WASHINGTON -- Three San Joaquin Valley, Calif., Republicans face special heat amid the federal government shutdown.
Two of them, Reps. David Valadao and Jeff Denham, represent potentially competitive districts carried by President Barack Obama in 2012. Democrats see opportunity in 2014 if they can link the two incumbents to the government failure.
A third GOP House member from the valley, Rep. Tom McClintock, enjoys a much safer seat that’s drawn for a career Republican. But while Republican presidential candidate Mitt Romney easily carried McClintock’s district last year, it also includes Yosemite National Park and neighboring communities that pay a high-profile price during the shutdown
“There’s no question it’s harmful to the mountain communities,” Rep. Devin Nunes, R-Calif., acknowledged Friday.

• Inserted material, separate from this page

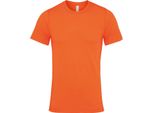 Bella + Canvas - T-Shirt Girocollo Uomo/Donna Unisex RW8499 (S) (Arancione)
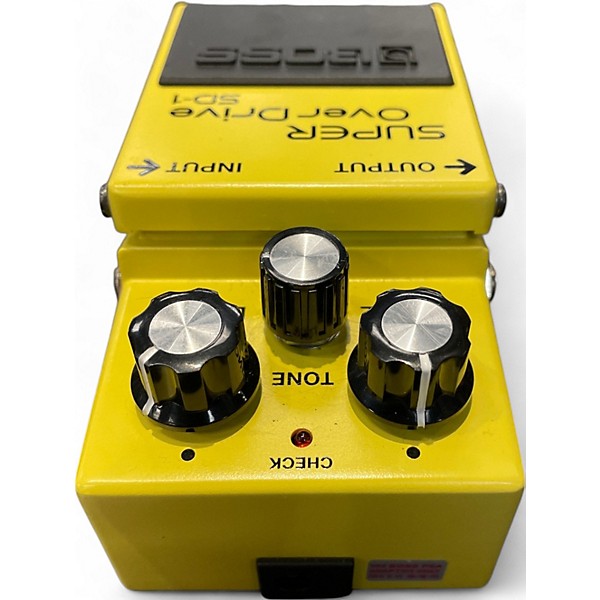 Used BOSS SD1 Super Overdrive Effect Pedal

Carolyn Botell, administrator of the Yosemite Chamber of Commerce in Groveland, Calif., said in an interview Friday that local businesses have been “financially devastated” by the combination of the government shutdown and the earlier Rim fire that burned more than 256,000 acres. Botell said businesses are “definitely seeing less people,” although she added there are “a lot of people coming in who don’t know about the situation.”
“One of the questions my visitors ask me is how long will this last,” Botell said, “and I just tell them I have absolutely no idea.”
During the last federal government shutdown, in 1995-96, vocal complaints from Yosemite-area communities helped persuade the region’s then-congressman, George Radanovich, to eventually repudiate the shutdown tactic. Like other lawmakers at the time, he came around to the view that national parks should be immune from shutdowns.
McClintock’s office did not respond to multiple queries Friday.
On Wednesday, though, he and other House Republicans passed a funding bill that would selectively reopen the National Park Service, while leaving other public lands agencies closed. House Republicans have been passing a number of similarly selective funding measures, while seeking to maintain leverage in efforts to delay or change the Affordable Care Act.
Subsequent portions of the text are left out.